The bonus was we'd finally get our moving van unloaded (it has been stored outside of town since August) meaning we'd have different clothes and winter coats! The downside was that we'd be packing up and moving again in a matter of weeks, and our apartment is only two bedrooms; but there wasn't much else we could do, and we figured we've been jumbled for so long that 3 more months really can't be that bad.

Meanwhile we had a terrific Christmas! And even received an unusual snowstorm which brought about 10 inches. Our city declared a state of emergency for 72 hours. Welcome to the shore!

We were unable to go to the temple lights and concert series before Christmas, but made it shortly thereafter. We made a day of it and visited some places in D.C. we didn't get to during our visit last Spring Break. It was also before we realized we'd be moving here.
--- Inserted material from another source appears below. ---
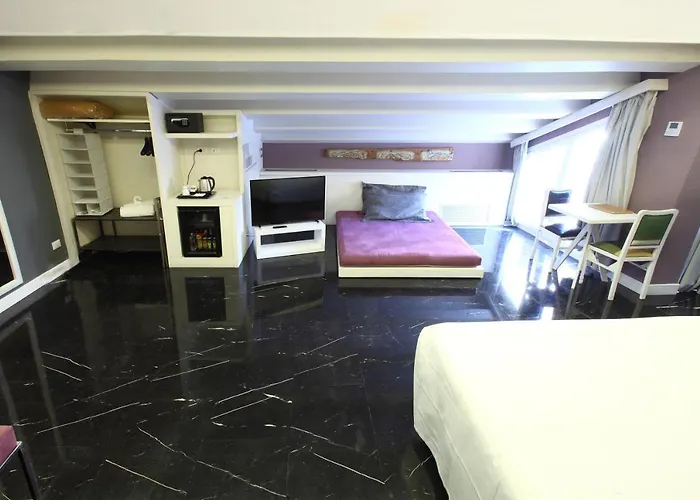 ホテル クイントカント ホテル&スパ パレルモ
We LOVED the Library of Congress and envisioned scenes from National Treasure 2 (good grief I can't even create links tonight, otherwise there would've been one there).

We also went to the United States Botanic Garden, where they had a seasonal display of trains and Christmas trees. It was so beautiful.

Later, we went to the temple and enjoyed the lights and atmosphere. Matt and I commented that we picked the right week to go since the week prior had temperatures about 20 degrees cooler.

We also sledded a bit, and found the only decent hills in the area are near a city park and golf course. When we went to buy sleds after the snowstorm they were sold out. So by the time they came in our snow was pretty scarce, but everyone loved it anyway.

We feel so blessed to be here with a good job. That's what's most important right now. We're excited for 2011 and for the changes and experiences it will bring; namely a home, hopefully in March or April, and a baby in May.

Kate said to me on the way home from church today, "Mom, you're the luckiest mommy I know." And I'd have to say she's right.